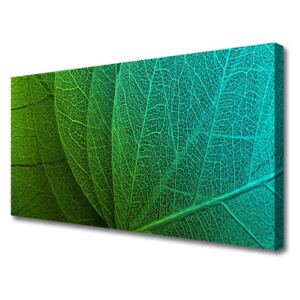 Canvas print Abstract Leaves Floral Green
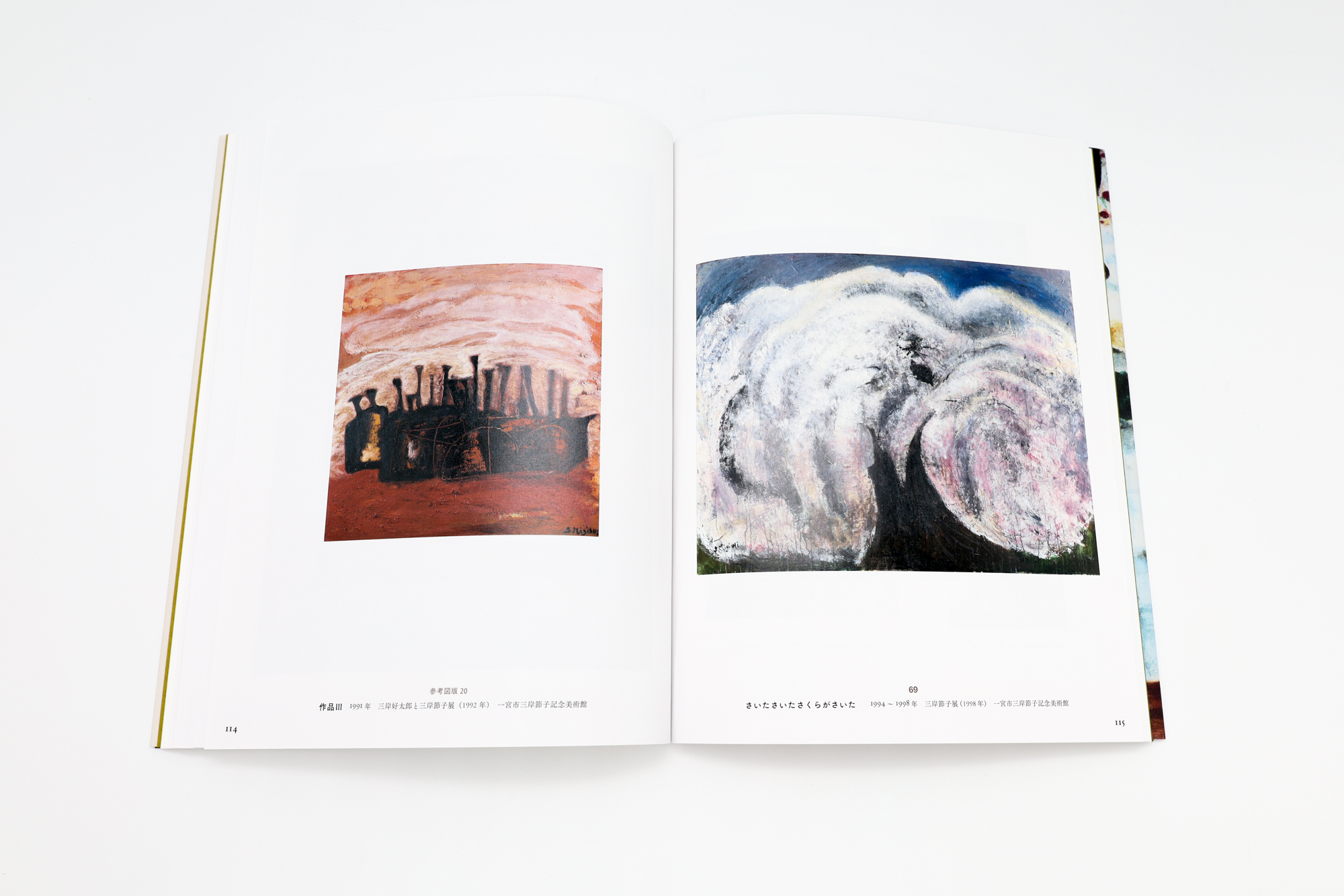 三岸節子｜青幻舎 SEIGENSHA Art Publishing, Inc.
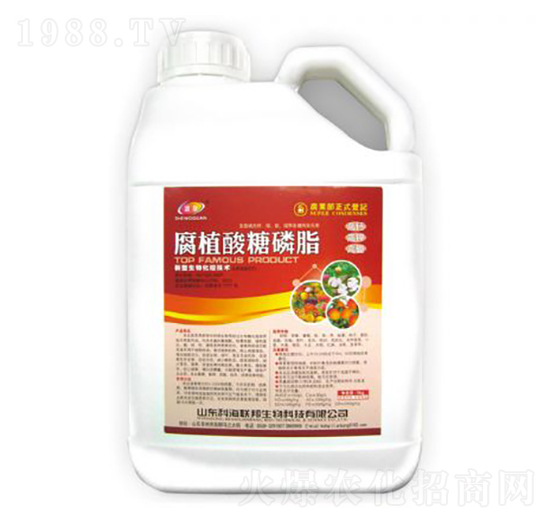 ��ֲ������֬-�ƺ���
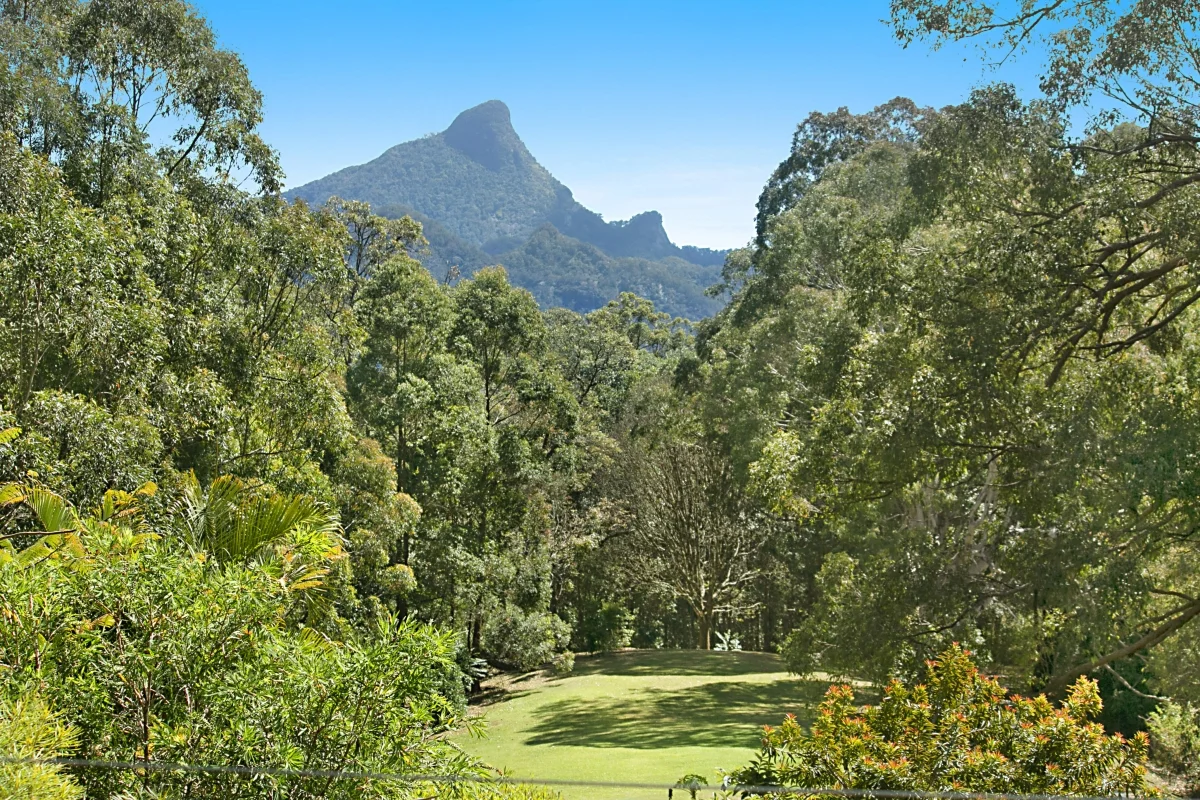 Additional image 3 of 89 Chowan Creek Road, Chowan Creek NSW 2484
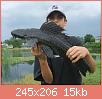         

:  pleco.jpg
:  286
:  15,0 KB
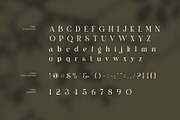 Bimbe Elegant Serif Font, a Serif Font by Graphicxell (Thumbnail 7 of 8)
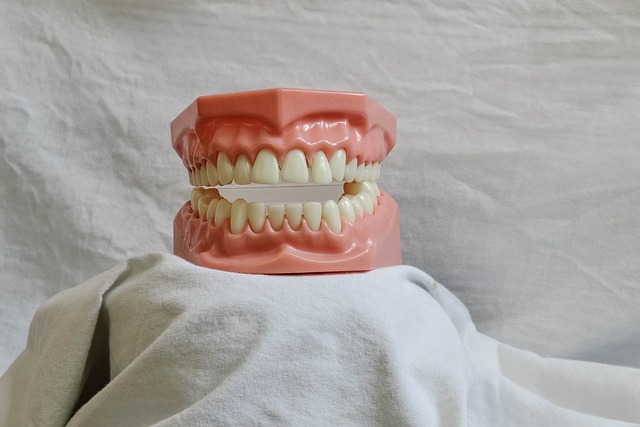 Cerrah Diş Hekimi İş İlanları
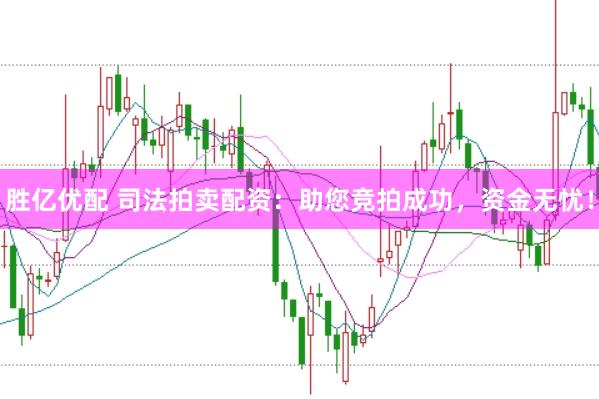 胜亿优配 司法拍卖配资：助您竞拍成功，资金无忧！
...
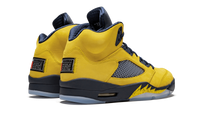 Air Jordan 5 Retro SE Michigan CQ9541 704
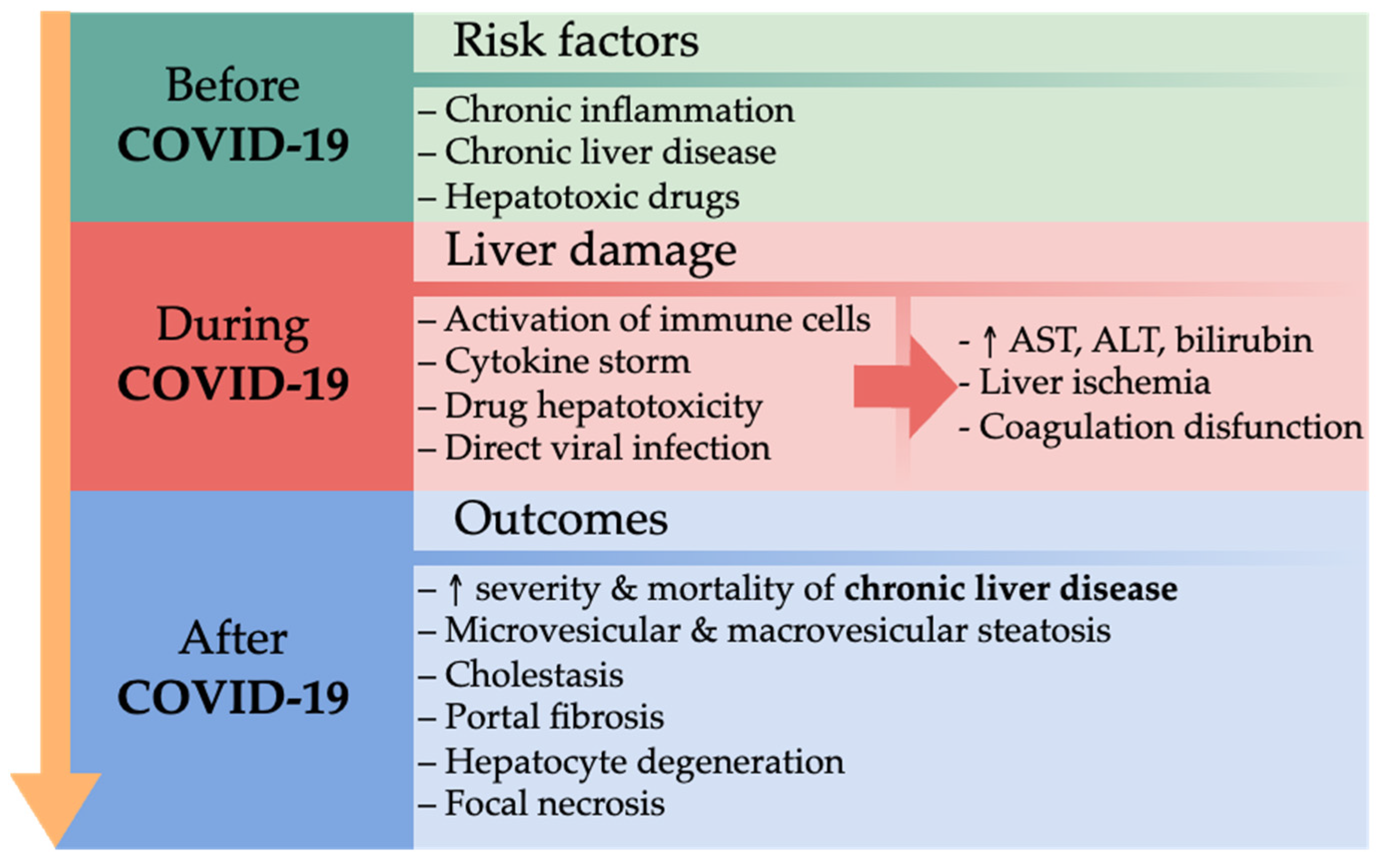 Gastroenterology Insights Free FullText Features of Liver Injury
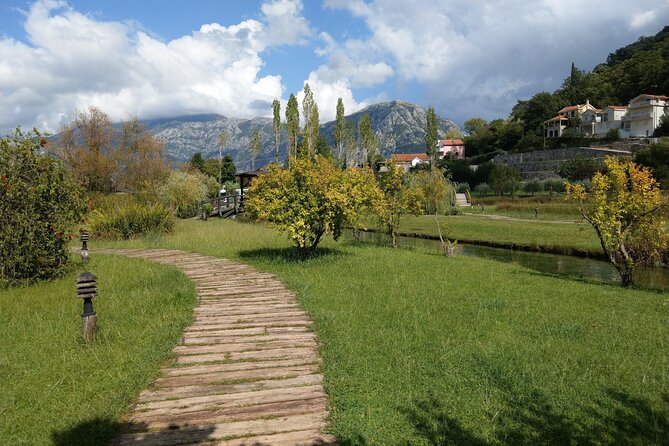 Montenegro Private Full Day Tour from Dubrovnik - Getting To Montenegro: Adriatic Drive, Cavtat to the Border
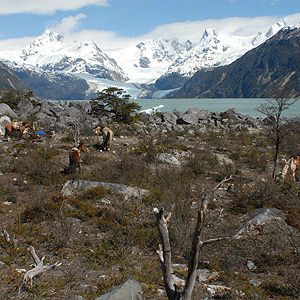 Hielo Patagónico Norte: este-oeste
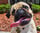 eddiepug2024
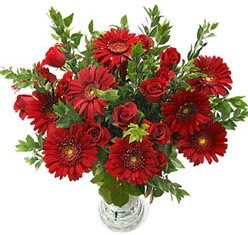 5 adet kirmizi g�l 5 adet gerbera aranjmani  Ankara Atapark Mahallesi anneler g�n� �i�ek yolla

# What the exercise asks:
Going by the data above, give back only the lines from the one containing "Air Jordan 5 Retro SE Michigan CQ9541 704" through the one containing "5 adet kirmizi", exactly as they stand, both ends included and no images.

# Exercise output:
 Air Jordan 5 Retro SE Michigan CQ9541 704
 Gastroenterology Insights Free FullText Features of Liver Injury
 Montenegro Private Full Day Tour from Dubrovnik - Getting To Montenegro: Adriatic Drive, Cavtat to the Border
 Hielo Patagónico Norte: este-oeste
 eddiepug2024
 5 adet kirmizi g�l 5 adet gerbera aranjmani  Ankara Atapark Mahallesi anneler g�n� �i�ek yolla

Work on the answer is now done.